JAKARTA,quickq快客安卓版官方下载 DISWAY.ID– Tuntutan agar perusahaan aplikasi ride-hailing memberikan Tunjangan Hari Raya (THR) kepada mitra pengemudi semakin menggema.
Serikat pekerja dan berbagai kelompok pengemudi menekan pemerintah agar mengeluarkan regulasi yang mewajibkan perusahaan membayar THR secara tunai, bukan dalam bentuk insentif.
Di satu sisi, kebijakan ini dinilai sebagai langkah populis yang bertujuan meningkatkan kesejahteraan pengemudi.
Namun, di sisi lain, banyak pakar ekonomi dan hukum menilai bahwa regulasi ini bisa menjadi ancaman serius bagi industri ride-hailing di Indonesia, bahkan berpotensi menimbulkan gelombang pemutusan kemitraan besar-besaran.
BACA JUGA:THR 2025 untuk Karyawan Swasta dan ASN Kapan Cair? Simak Besaran Dana yang Diterima
Mitra atau Karyawan? Status Hukum yang Diperdebatkan
Perdebatan utama dalam polemik ini adalah status hukum mitra pengemudi. Menurut Prof. Dr. Aloysius Uwiyono, S.H., M.H., Guru Besar Hukum Perburuhan Universitas Trisakti, hubungan antara pengemudi dan perusahaan aplikasi merupakan kemitraan, bukan hubungan kerja.

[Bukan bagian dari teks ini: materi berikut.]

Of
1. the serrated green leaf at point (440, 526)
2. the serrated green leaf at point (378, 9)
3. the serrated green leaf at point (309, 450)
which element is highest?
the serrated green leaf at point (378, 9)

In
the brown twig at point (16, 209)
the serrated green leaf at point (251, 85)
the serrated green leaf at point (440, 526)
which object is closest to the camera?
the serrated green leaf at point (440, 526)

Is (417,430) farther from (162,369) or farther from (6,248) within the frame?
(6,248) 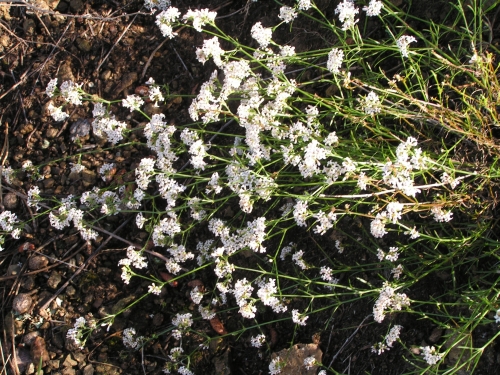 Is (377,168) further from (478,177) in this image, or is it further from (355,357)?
(355,357)

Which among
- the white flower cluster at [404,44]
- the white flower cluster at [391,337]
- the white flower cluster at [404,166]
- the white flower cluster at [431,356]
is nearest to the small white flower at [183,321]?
the white flower cluster at [391,337]

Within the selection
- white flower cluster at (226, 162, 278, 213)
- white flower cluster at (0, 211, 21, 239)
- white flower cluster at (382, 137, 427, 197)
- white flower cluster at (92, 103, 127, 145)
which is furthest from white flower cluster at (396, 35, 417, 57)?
white flower cluster at (0, 211, 21, 239)

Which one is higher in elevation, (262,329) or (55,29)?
(55,29)

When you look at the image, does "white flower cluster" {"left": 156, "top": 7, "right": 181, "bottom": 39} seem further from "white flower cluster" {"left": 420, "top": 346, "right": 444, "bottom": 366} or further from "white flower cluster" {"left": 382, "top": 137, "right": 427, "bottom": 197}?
"white flower cluster" {"left": 420, "top": 346, "right": 444, "bottom": 366}

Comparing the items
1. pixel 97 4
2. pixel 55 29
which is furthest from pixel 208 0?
pixel 55 29

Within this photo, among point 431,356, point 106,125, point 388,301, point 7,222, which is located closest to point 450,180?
point 388,301

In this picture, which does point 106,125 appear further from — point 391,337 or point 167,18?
point 391,337

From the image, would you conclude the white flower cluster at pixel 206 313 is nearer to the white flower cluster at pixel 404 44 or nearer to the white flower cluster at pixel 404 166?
the white flower cluster at pixel 404 166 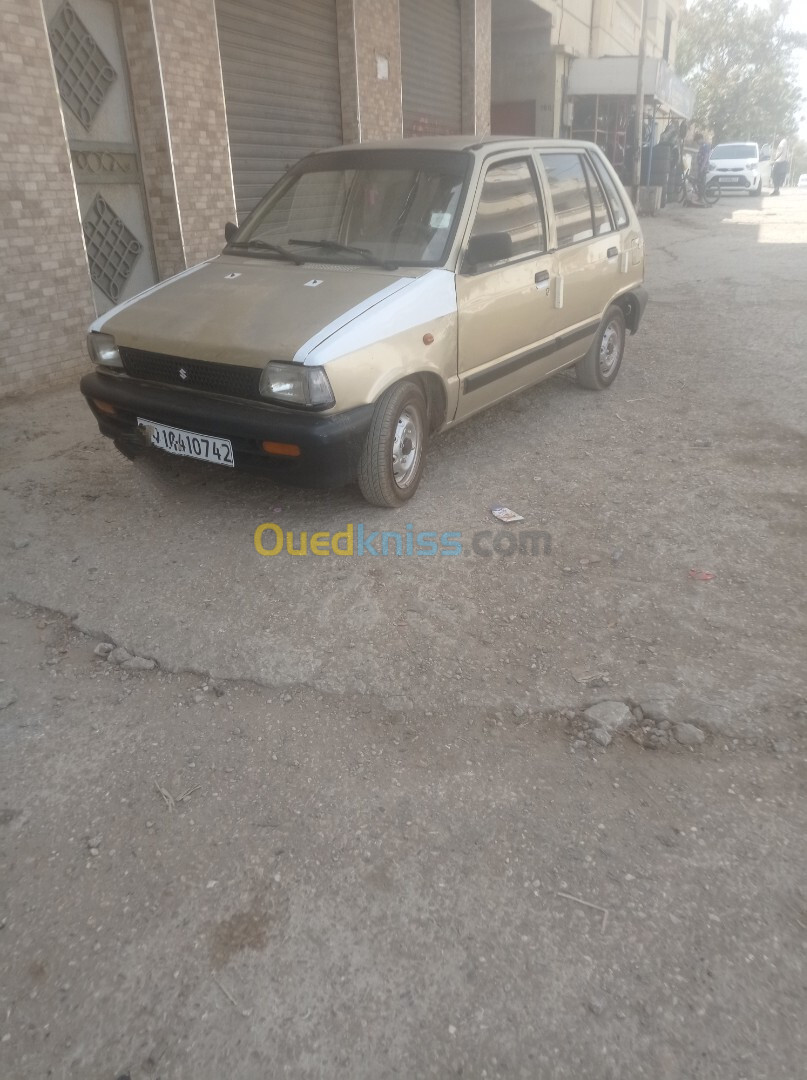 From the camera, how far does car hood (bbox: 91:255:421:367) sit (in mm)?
3713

Pasal 15 Ayat (1) Peraturan Menteri Perhubungan Nomor 12 Tahun 2019 menegaskan bahwa pengemudi ojol bukanlah karyawan, melainkan mitra yang memiliki kebebasan dalam menentukan jam kerja dan menerima atau menolak pesanan.
Oleh karena itu, regulasi terkait THR yang diterapkan pada karyawan tidak dapat serta-merta diberlakukan pada mereka.
"Jika mitra diberikan THR seperti karyawan tetap, ini bisa berdampak pada perubahan status hukum mereka. Akibatnya, perusahaan mungkin akan membatasi jumlah mitra atau menerapkan sistem kerja yang lebih kaku," ujar Prof. Aloysius.
Jika hal ini terjadi, jutaan mitra pengemudi berisiko kehilangan akses terhadap pekerjaan fleksibel yang selama ini menjadi daya tarik utama industri ride-hailing.
BACA JUGA:Jadwal Bioskop Trans TV Hari Ini 27 Februari 2025 Lengkap Sinopsis, Nonton Film Romance-Thriller
Ancaman Bagi Keberlanjutan Bisnis
Selain dampak hukum, kebijakan THR juga menimbulkan tantangan finansial bagi perusahaan aplikasi. Model bisnis ride-hailing didasarkan pada sistem komisi yang relatif kecil dari setiap transaksi.
Menurut laporan McKinsey (2023), margin keuntungan rata-rata perusahaan ride-hailing global hanya sekitar 3-5 persen.
Jika perusahaan diwajibkan membayar THR setara satu bulan penghasilan mitra, maka mereka harus mengalokasikan anggaran besar yang berpotensi mengganggu keberlanjutan bisnis. Beberapa skenario yang mungkin terjadi antara lain:
- 1
- 2
- 3
- »
Desakan THR Driver Ojol Menggema: Kesejahteraan atau Ancaman bagi Industri?
人参与 | 时间:2025-06-04 21:29:42
相关文章
- Pria Wajib Tahu, Wanita Ingin Dicium Seperti Ini
- FOTO: Menikmati Desa Hanok Bukchon yang Tak Pernah Sepi Pelancong
- 2.000 Warga Telepon Pemprov DKI, Takut Positif Corona, Eh Gak Tahunya Cuma Flu
- Koalisi Masyarakat Anti Korupsi Kembali Gelar Aksi, Tuntut Kasus Hasto Diusut Tuntas
- Arsari Tambang Genjot Energi Bersih, ESG Ditegaskan Sebagai Arah Utama
- Bagaimana Cara Memilih Anggur Shine Muscat yang Tepat?
- 用信仰赋能梦想,118万奖学金+SVA、MICA等4张纯艺offer一键到账!
- Pesawat Punya Ruang 'Rahasia', Gunanya untuk Pramugari dan Pilot Tidur
- Pangeran Harry Ubah 'Mental Health' Jadi 'Mental Fitness', Apa Itu?